RECORDS SHOWN |
• • • •
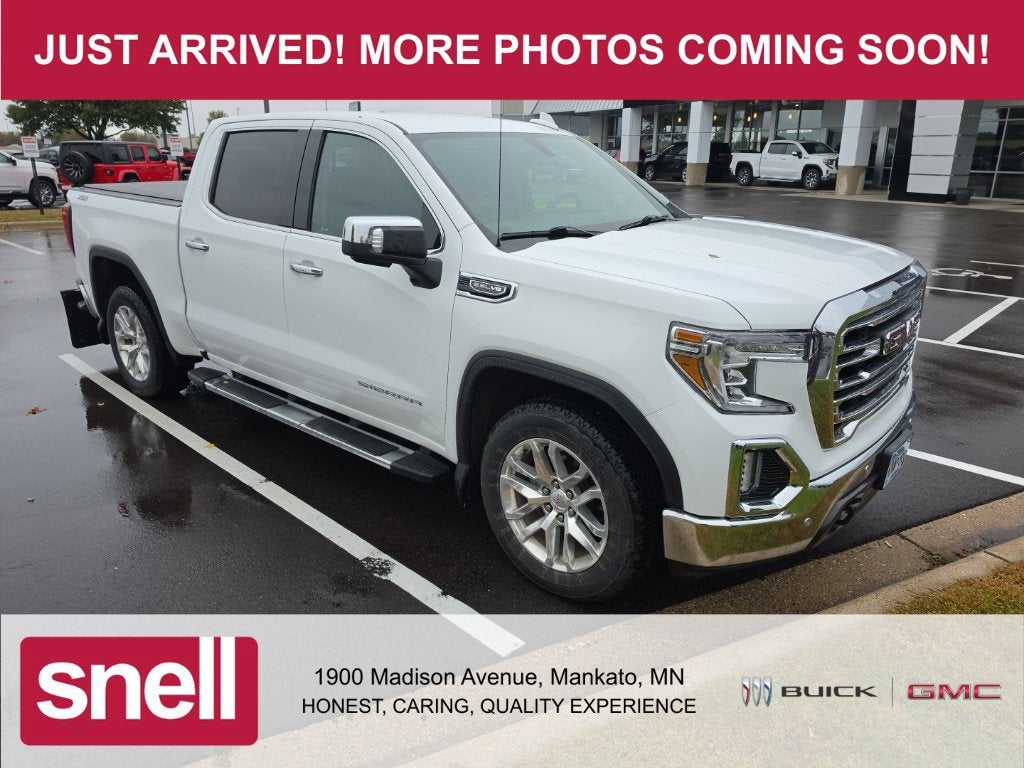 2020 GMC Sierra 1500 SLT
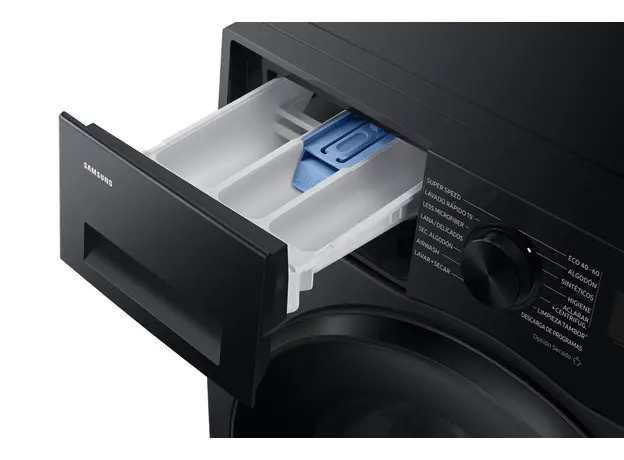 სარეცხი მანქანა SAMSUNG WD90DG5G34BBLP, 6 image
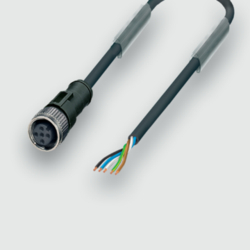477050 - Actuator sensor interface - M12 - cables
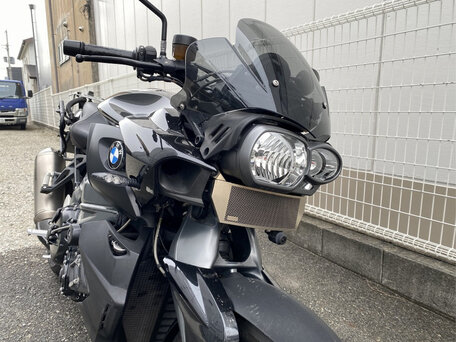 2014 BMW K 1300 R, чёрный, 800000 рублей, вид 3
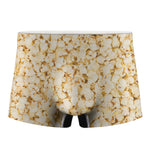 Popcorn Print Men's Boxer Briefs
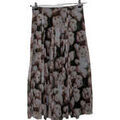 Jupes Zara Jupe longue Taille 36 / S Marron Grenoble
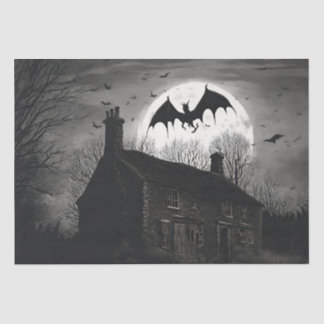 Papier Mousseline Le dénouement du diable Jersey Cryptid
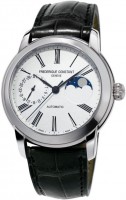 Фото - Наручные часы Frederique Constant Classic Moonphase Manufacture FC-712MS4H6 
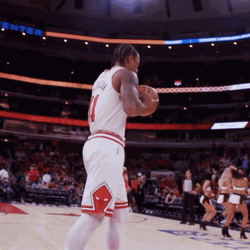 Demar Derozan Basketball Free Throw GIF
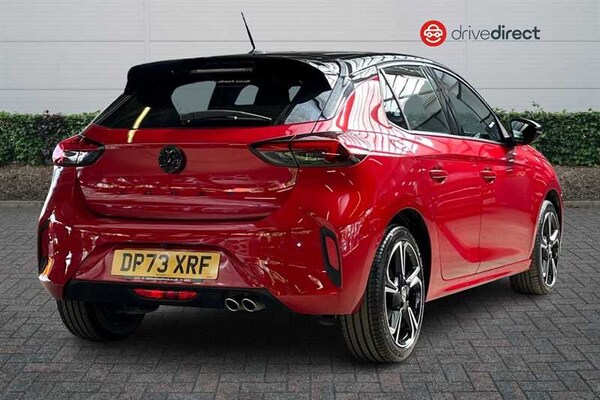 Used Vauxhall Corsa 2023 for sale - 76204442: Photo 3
• • • •
PROBLEM |
Set down word for word every line from the one containing "Jupes Zara Jupe" through the last line of the records above, both ends included. Leave out the pictures.

SOLUTION FOR THIS PROBLEM |
 Jupes Zara Jupe longue Taille 36 / S Marron Grenoble
 Papier Mousseline Le dénouement du diable Jersey Cryptid
 Фото - Наручные часы Frederique Constant Classic Moonphase Manufacture FC-712MS4H6 
 Demar Derozan Basketball Free Throw GIF
 Used Vauxhall Corsa 2023 for sale - 76204442: Photo 3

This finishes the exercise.